The Annapurna Labs team at Amazon Web Services (AWS) builds AWS Neuron, the software development kit used to accelerate deep learning and GenAI workloads on Amazon's custom machine learning accelerators, Inferentia and Trainium. The Acceleration Kernel Library team is at the forefront of maximizing performance for AWS's custom ML accelerators.
As a ML Kernel Performance Engineer, you'll work at the hardware-software boundary, crafting high-performance kernels for ML functions and ensuring optimal performance for customer workloads. The role combines deep hardware knowledge with ML expertise to push the boundaries of AI acceleration. The AWS Neuron SDK includes an ML compiler, runtime, and application framework that seamlessly integrates with popular ML frameworks like PyTorch.

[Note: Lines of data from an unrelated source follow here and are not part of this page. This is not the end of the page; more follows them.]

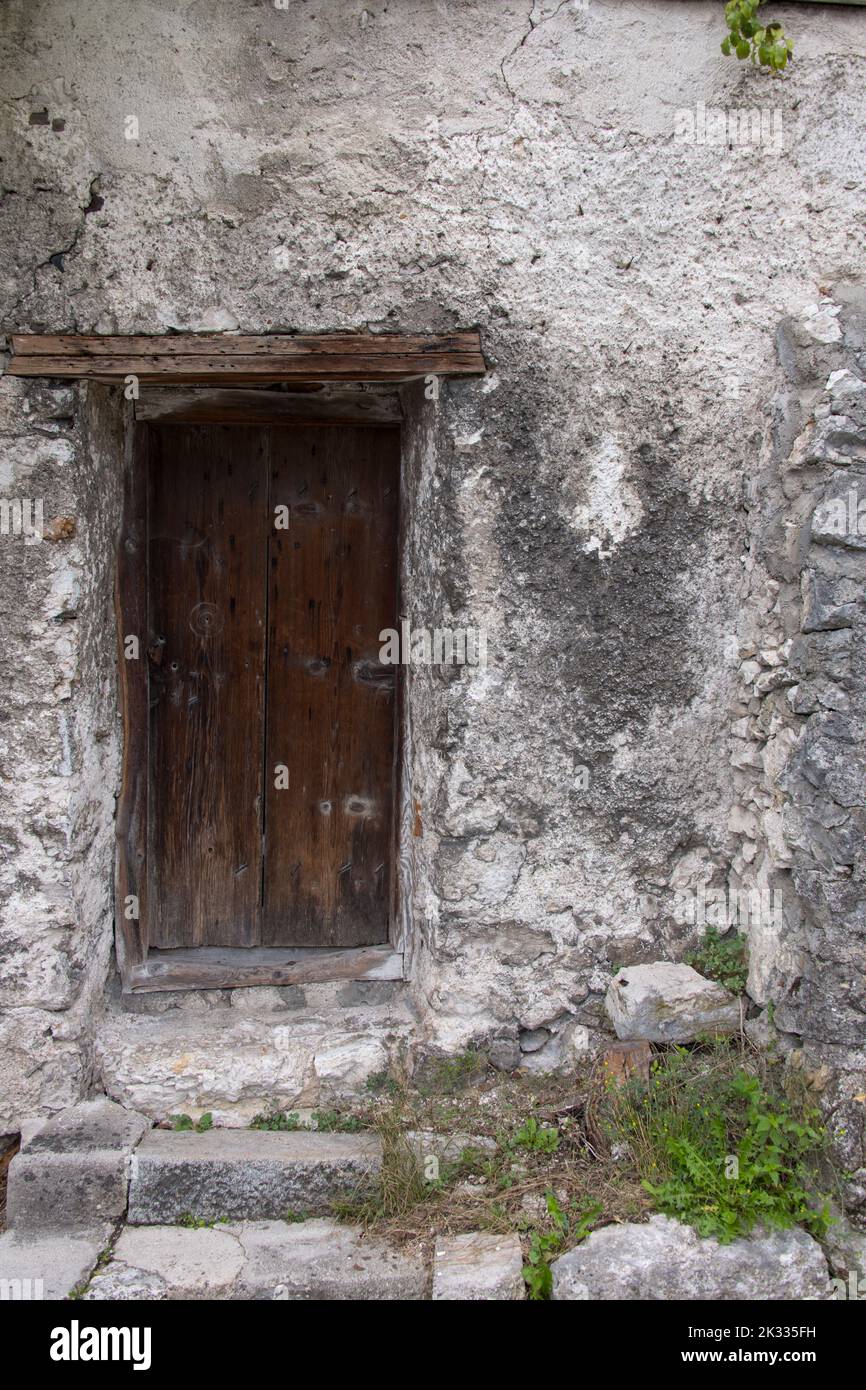 Steinmauer Nahaufnahme historische alte Holz Holztür alte Fassade als Konzept für die Sicherheit Einbruchschutz und für den Einsatz als Hintergrund verwendet werden Stockfoto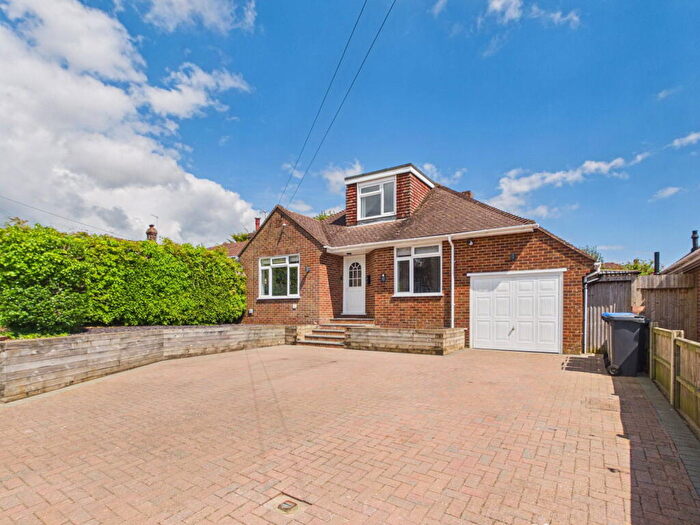 4 Bedroom Chalet For Sale In Salvington Hill, High Salvington, Worthing, BN13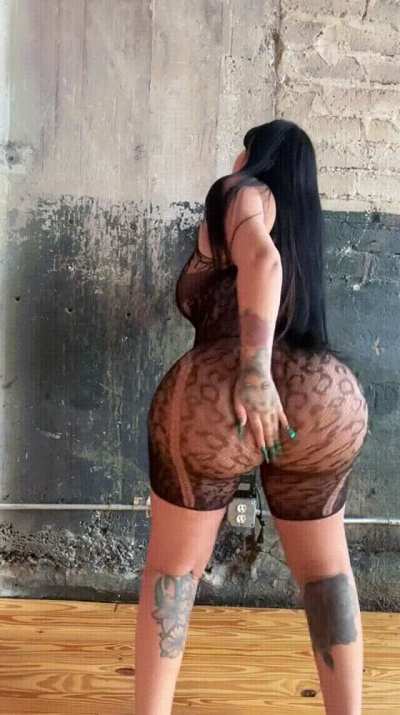 ✔🍑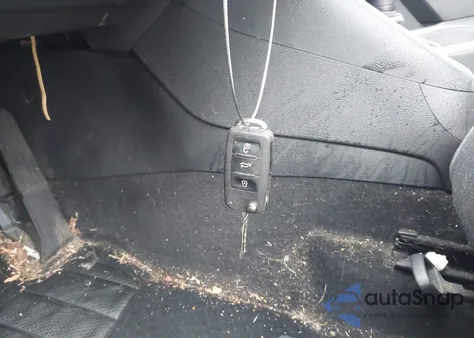 2012 Volkswagen Golf 2.5L 4-Door from USA, damaged, VIN WVWDB7AJ8CW075977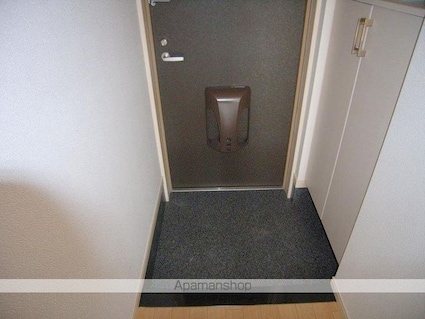 ジェミニ白銀Ｂ棟　[1LDK/41.02m2]の玄関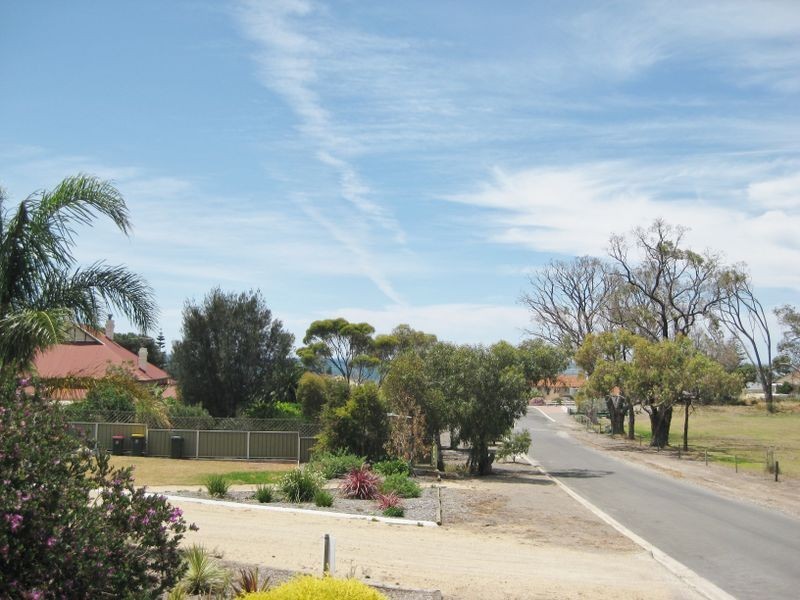 6 Parsons Street, Port Vincent SA 5581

Working within the Neuron Compiler organization, you'll collaborate across multiple technology layers - from frameworks and compilers to runtime and collectives. You'll not only optimize current performance but also contribute to future architecture designs, working directly with customers to enable their models and ensure optimal performance.
The position offers competitive compensation ranging from $129,300 to $223,600 based on location, plus equity, sign-on payments, and comprehensive benefits. You'll join a diverse, inclusive team that values work-life balance and provides extensive opportunities for mentorship and career growth. The role is based in Cupertino, CA, where you'll work with cutting-edge technology at the intersection of machine learning, high-performance computing, and distributed architectures.
This is an opportunity to shape the future of AI acceleration technology while working in a startup-like environment within AWS, where innovation and experimentation are encouraged, and your contributions will have direct impact on global customers' ML workload performance.